И все же можно было сказать, что тот мартовский день принес по крайней мере хоть это терпкое яблоко, этот маленький горький октябрьский плод.
Давид попрощался с Руисом, пошел к Жорди и выложил обретенный им плод — растрепанные книги на его синий прилавок.
Жорди начал их перелистывать, и лицо его опять прикрыла серая маска, появлявшаяся всегда, когда что-то прикасалось к его наглухо закрытым чувствам. Он взял одного из испанских классиков и посмотрел форзац — лист на свет, так что стал виден штамп. «Народная библиотека, Солас, 1936».
— Это был наш первый опыт, — глухо сказал он. — Нет теперь больше в Соласе бесплатных книг для народа.
Его прервал ужасный шум на площади, крики и топот копыт. В Вилла виэйя началась ярмарка скота, крестьяне из горных селений спустились сюда, чтобы продать выращенный за год скот. Жорди и Давид вышли па крыльцо и стали смотреть. Мимо них двигалась целая кавалькада верховых коней, мулов и ломовых лошадей. Зрелище было красивое: все животные вычищены до блеска, a сопровождающие их мужчины в ярких рубашках, с шелковыми поясами, туго затянутыми вокруг талии. Но это не были звезды арены. Это были простые сельские жители, со свежим цветом лица и грубыми руками.
Высокий молодой человек с черными, как смоль, волосами вел двух годовалых жеребцов, прямо-таки состязаясь с ними в силе: он шел, всем корпусом, всей тяжестью отклонившись назад, чуть не висел на узде, то и дело ему приходилось бежать и подпрыгивать. И все же он едва справлялся с огневыми норовистыми конями, они неслись вперед, ржали и вставали на дыбы. Они прошли совсем близко от Жорди и Давида. Над блестящим крупом коня глаза молодого человека встретились со взглядом Жорди и вдруг широко раскрылись — погонщик его узнал.
— Смотрите-ка, учитель с книгой! — воскликнул он, и зубы его блеснули в улыбке. — Добрый день тебе, Франсиско Мартинес!
Жорди машинально заложил пальцем книгу, которую он только что читал, и стоял, держа ее в руке, как учитель перед детьми в классе.
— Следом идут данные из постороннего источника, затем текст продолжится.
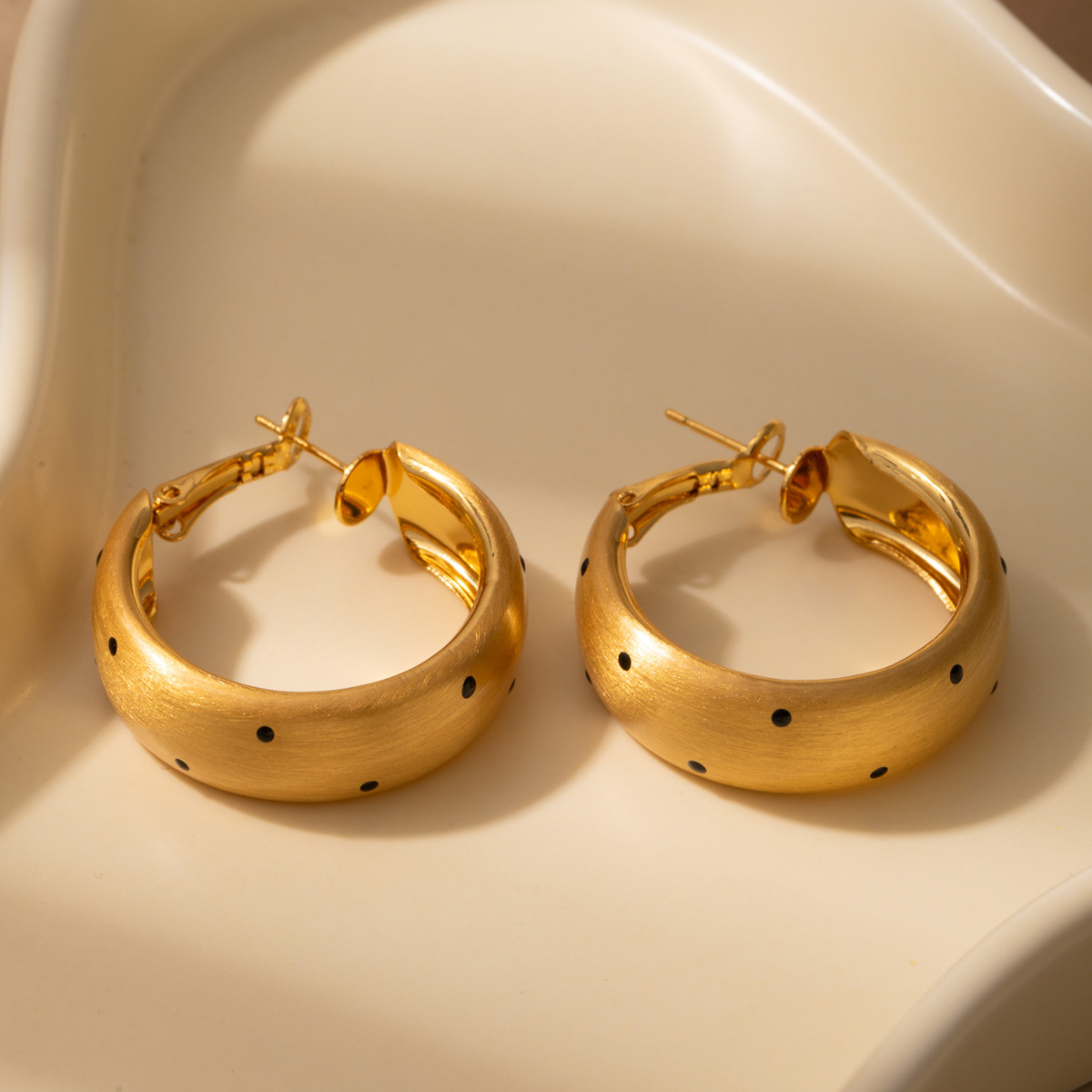 Elegant 925 Sterling Silver Post 18K Gold Plated Copper with Black Spots Exaggerated Chunky Open Hoop Earrings for Women Chic Jewelry Gifts - Image 4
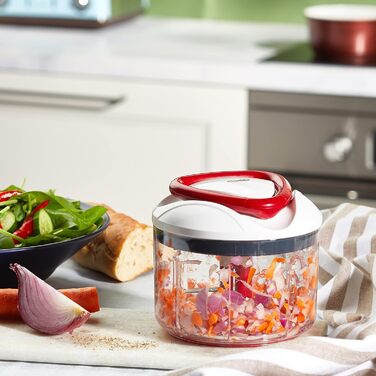 Інструкція з експлуатації універсального подрібнювача Zyliss E910015 Easy Pull, 750 мл, овочерізка, цибульна нарізка, подрібнювач для фруктів і овочів, з надзвичайно гострими лезами в запатентованому швейцарському дизайні 750 мл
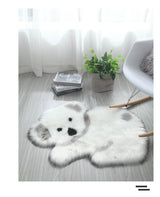 Tapis Forme Panda / Koala Imitation Fourrure Longue – Blanc et Noir 6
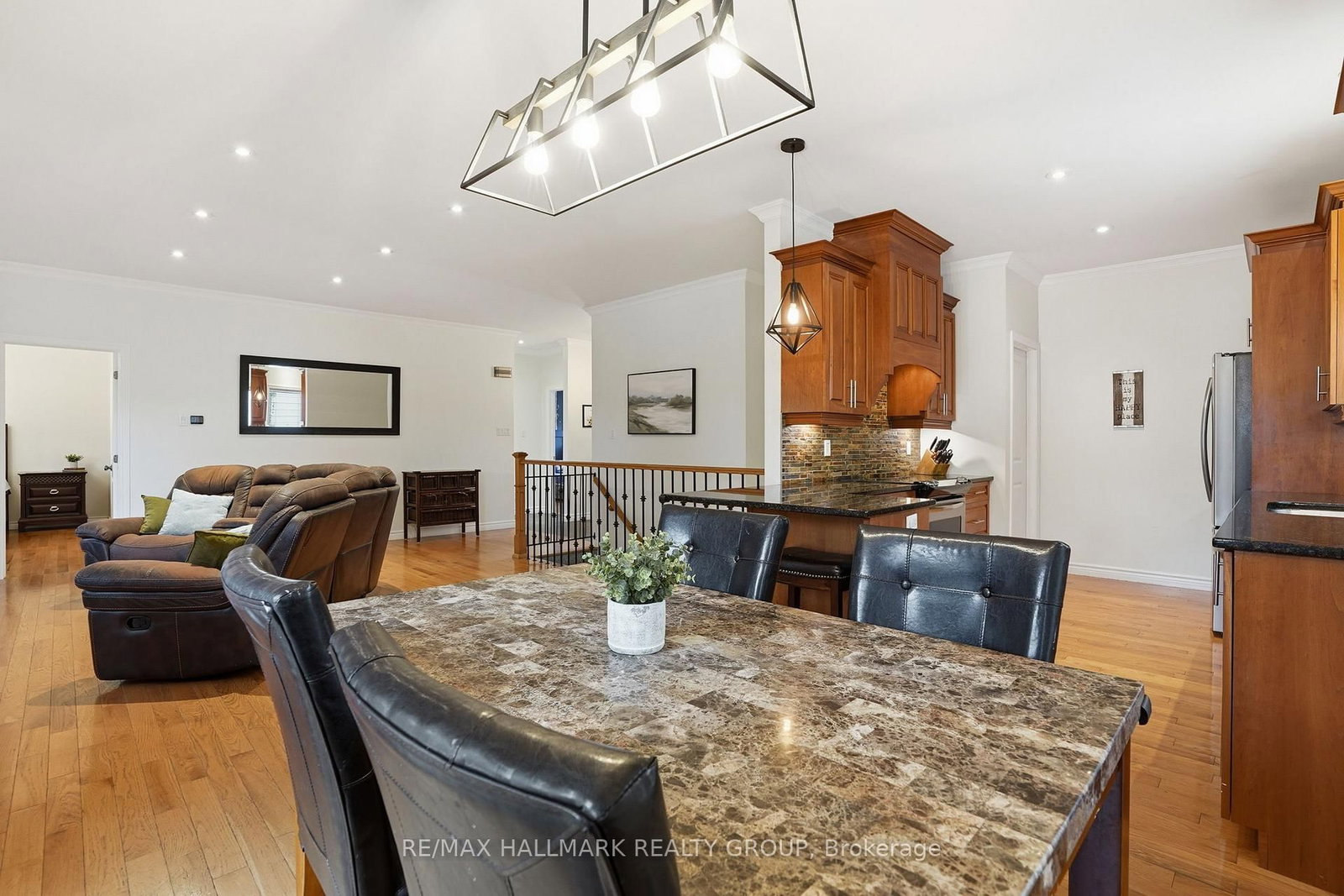 1028 Laviolette Street • Clarence-Rockland, ON photo 9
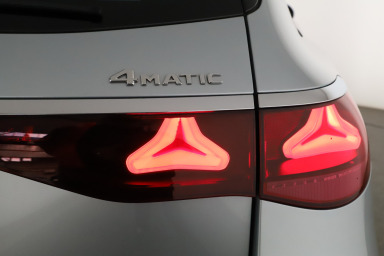 Mercedes-Benz E - 2024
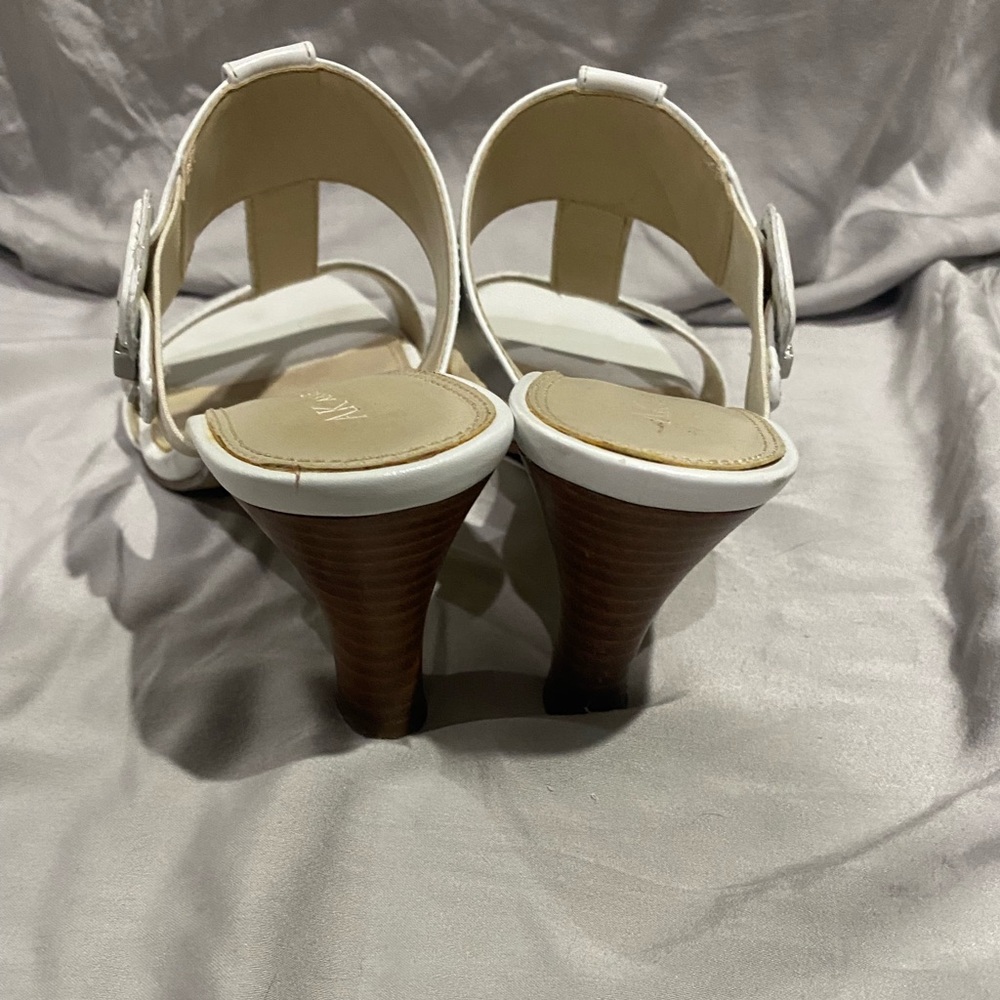 Spring sandals - Picture 4 of 5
Он улыбнулся и произнес тихо, глядя вслед быстро удаляющемуся молодому человеку:
— Добрый день тебе — Хуан или Хосе, не знаю, как тебя зовут…
Его звали не Хуан и не Хосе, его звали Серапио, как они вскоре узнали, придя на площадь в Виллу виэйю, чтобы посмотреть на ярмарку. Коммерческие операции были уже почти на исходе, люди собирались в процессию в честь какого-то святого, а затем был назначен обед в кабачке Мигеля.
Первым шествовал священник в праздничном одеянии с мальчиком из хора, затем показался выточенный из дерева бородатый святой на носилках, украшенных осенней листвой и гроздьями винограда, и, наконец, сама процессия земледельцев, но народу было мало и они немного конфузились, а в арьергарде шла солистка из часовни Марии, та старуха в своих лохмотьях. По обеим сторонам стояли рыбаки Соласа и без всякого стеснения потешались над процессией. Вон конские барышники своего святого несут, говорили они. Но упаси боже, если бы кто осмелился посмеяться над их собственной процессией в честь Сан Педро, великого рыбака!